まずは,「小さいカメラ」に着目してみよう。1960〜70年代の「ローライ35」や「ミノックスGT」などが有名である。これらは古典的な「沈胴式」カメラであり,3〜5万円くらいの価格がついていることが多い。

小型カメラのデザイン面で1つのエポックメイキングをなした製品としては,1979年に登場した「オリンパスXA」があげられる。ケースやレンズキャップを廃したまったく新しいデザインをもち,専用フラッシュを取りはずし可能にすることで,自動化と小型化を達成している。カメラの小型化には,「前面バリア式」や「レンズ面カバー式」さらには「沈胴式」が組みあわされているが,それらの方法はこの時代にはじまっている。「オリンパスXA」は,小型ながら二重像合致式距離計を内蔵したファインダーをもち,絞り優先AE機構で6枚構成のズイコーレンズ(F.Zuiko 35mm F2.8)をおごった高級機である。状態によっては,いまでも2万円以上の価格がついていることが珍しくない。
 このシリーズのカメラとしては,1980年に登場した廉価版の「XA2」も悪くない。露出はプログラムAE,レンズは4枚構成のD.Zuiko 35mm F3.5とスペックダウンしているが,一般的にはこの方が使いやすいだろう。また,価格もずいぶんと安くなった。ピント調整は目測3点ゾーン式だが,バリアを閉めるとピント位置が3mに戻る。日中の撮影なら,おそらくこれでほぼ無限遠まで被写界深度にはいるだろうし,フラッシュ撮影はたいてい3mくらい離れておこなうはずだ。極めてシンプルだが,少しでも失敗を少なくするよい工夫である。

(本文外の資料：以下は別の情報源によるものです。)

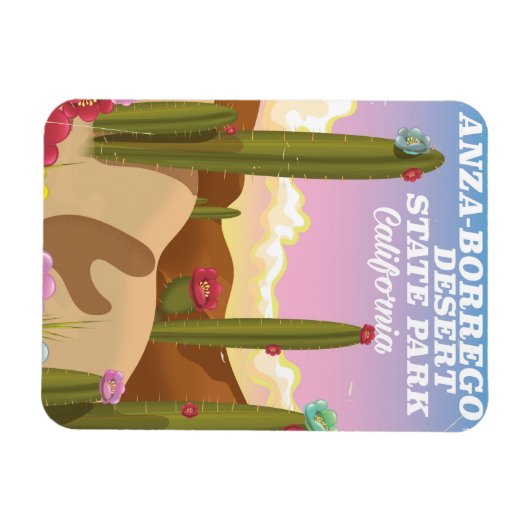 Anza-Borrego Wüste Staat Park Reiseplakat Magnet (Horizontal)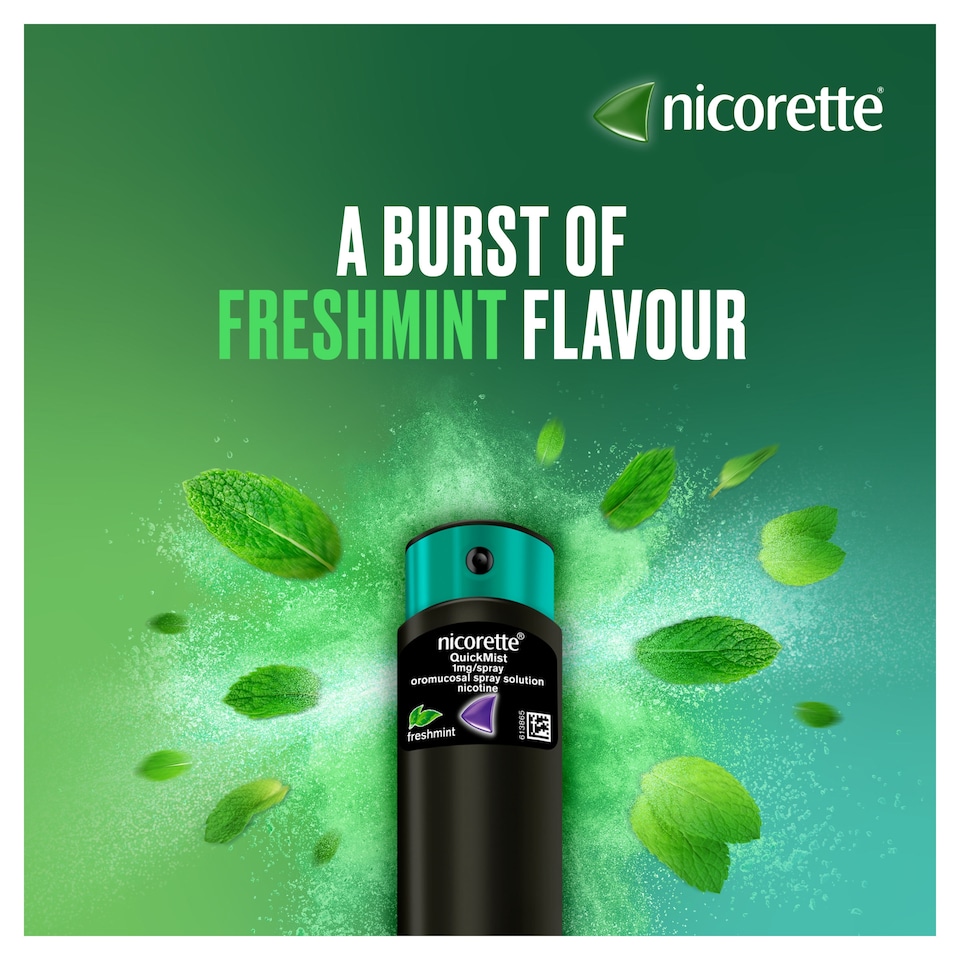 image 1 of Nicorette QuickMist Nicotine Mouthspray - Freshmint Single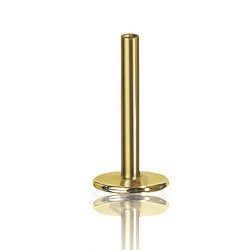Guldig Invändigt Gängad 1,2 Labret Utan Kula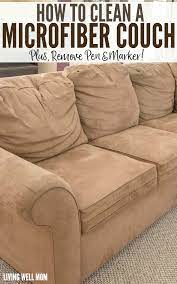 How To Clean A Microfiber Couch And Remove Pen Marker Stains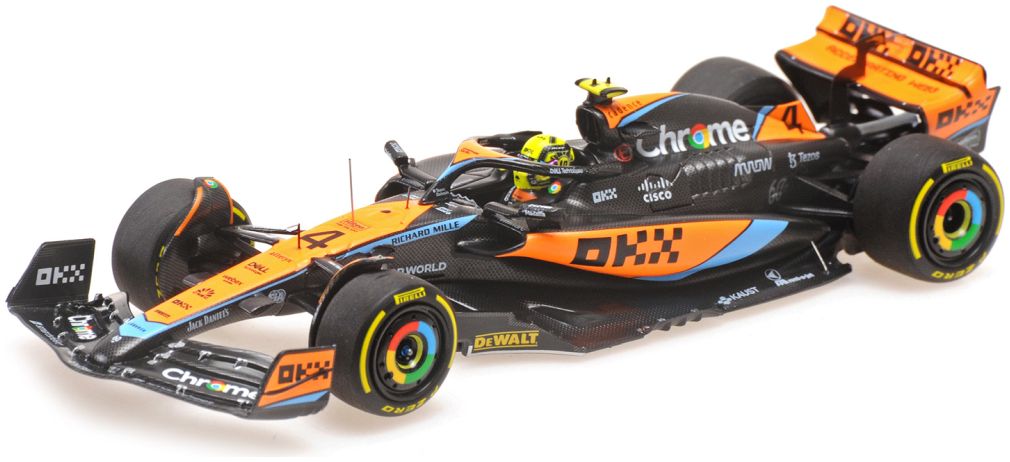 Mclaren F1 Team Mcl60 Lando Norris - 2nd Place Hungarian GP 2023 1:43 Minichamps Model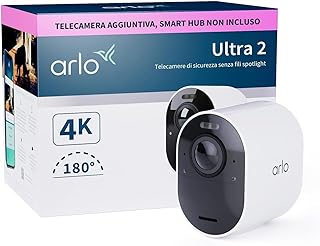 Arlo Ultra 2 Wireless Outdoor WiFi Camera, Indoor WiFi Camera, 4K UHD, Home Alarm Siren, Motion Sensor, Base Station Requi…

オリンパスXAシリーズには,5種類のバリケエーションがある。
 初代「XA」(1979)は先述のとおり,二重像合致式距離計内蔵,絞り優先AE,F.Zuiko 35mm F2.8レンズを搭載している。
 「XA2」(1980)は,プログラムAE,3点ゾーンフォーカス,D.Zuiko 35mm F3.5レンズを搭載した下位機種である。なお,1983年には赤,白,青のカラーバージョンも発売されている。
 「XA3」(1985)は,XA2をDXコード対応としたもの。専用フラッシュは1.5秒クイックチャージのA1Lになった。オートデート付モデルも登場。
 「XA4」(1986)は,オートデート付きでレンズをD.Zuiko 28mm F3.5とし,30cmまでの近接撮影を可能にした。
 「XA1」(1983)はシリーズ最廉価版。固定焦点のD.Zuiko 35mm F4を搭載し,露出計はセレン光電池で動作する。レンズの周囲に光電池がある古典的スタイルである。

XA2は中古カメラ店の店頭でよく見かける(ただし,カラーバージョンは稀少品)が,他のモデルは比較的少ない。私としては,入手が容易で安価なXA2をオススメしたい。
 XA2は,私も長年愛用している。描写はまあまあといったところだが,フラッシュをはずせば極めてコンパクトになる点が街のスナップに適している。ノーファインダーで撮るときなんかは,最近のAF機より都合がいい。AF機だと,狙ったものではないものにピントをあわせてくれることがあるのだ。